The reservations were not unjustified. Not only had the queen denied Edward any formal experience of government, but even at fifty-nine, he was still spoilt, self-indulgent, obsessed with clothes and tetchy when he didn’t get his own way. He liked, for example, to travel incognito, but not too incognito—he hated being kept waiting in a restaurant or hotel. He was still terrified of boredom, and needed constant external stimulation to keep it at bay. While he had
more or less settled down to a kind of monogamy with his mistress Alice Keppel—thirty years his junior and thankfully discreet—he was accustomed to the life of a super-rich aristocratic hedonist, “a world where pleasure felt like a ripened peach for the outstretching of a hand,” where anything was allowed apart from the sin of exposing one’s circle and class to the scrutiny and opprobrium of the rest of the world.
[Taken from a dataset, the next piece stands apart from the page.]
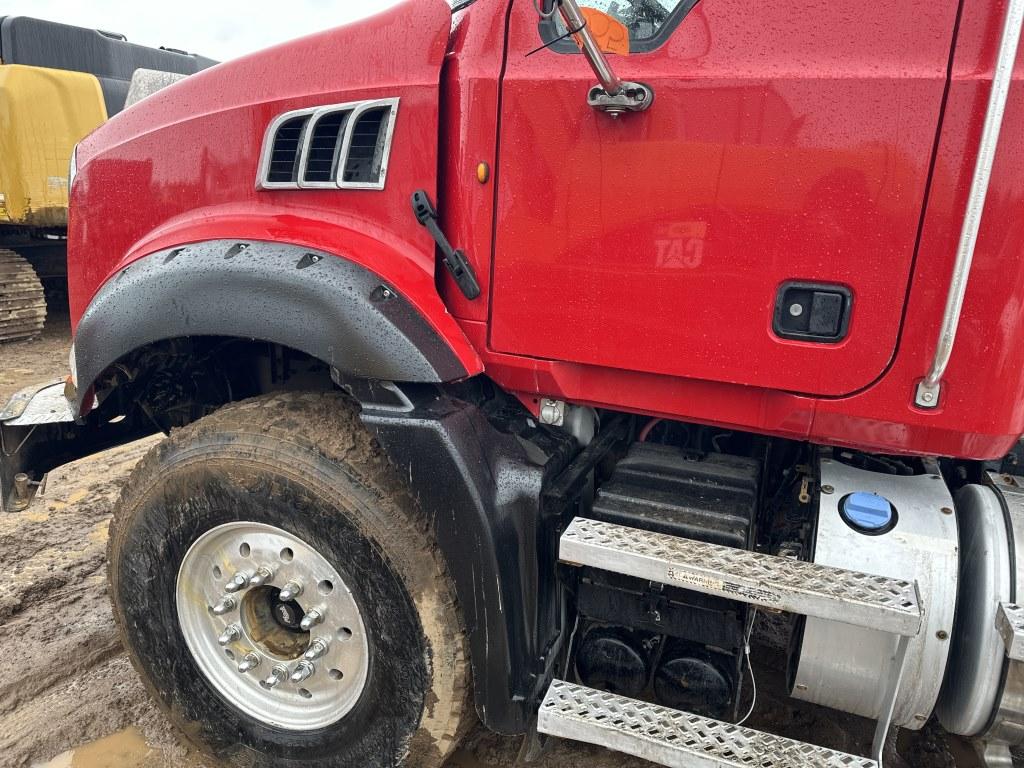 2011 Mack Granite Day Cab Truck Tractor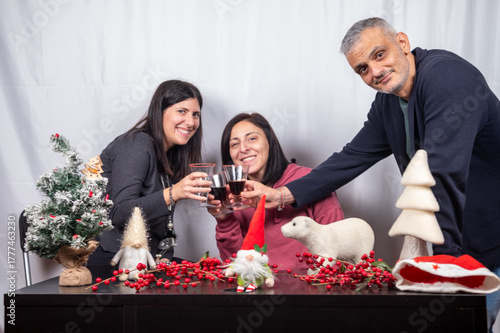 Fotografía Two women and a man toast Christmas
A world that was, in the words of Vita Sackville-West, “immoral, lavish and feudal.”1 There are less than appealing glimpses of the king—or “Kinki” as he was known by some—making horrible single entendres, “insinuendoes,”2 to his mistress’s stoically grinning husband, George; and at dinners at Marlborough House, laughing at the obsequious clowning of the resident fool, Christopher Sykes, who would crawl drunkenly about under the dinner table, splashed with brandy, snuffling “as your Royal3 Highness pleases.” In some respects he wasn’t entirely unlike his nephew Wilhelm—the amusement at someone else’s expense, the impatience, the restlessness, the susceptibility to the rich and the flattering—though it was a comparison he would have hated. Then there was his gargantuan appetite. The new king smoked twenty cigarettes and twelve cigars a day, two of the former and one of the latter before breakfast, and ate five mountainous meals. Dinner might typically be twelve courses, and include oysters, caviar, plovers’ eggs, ortolan, sole poached in cream, pheasant stuffed with truffles, quails stuffed with foie gras, frogs’ legs in jelly. He was said to take a whole roast chicken to bed. Small wonder he could now barely climb a flight of stairs.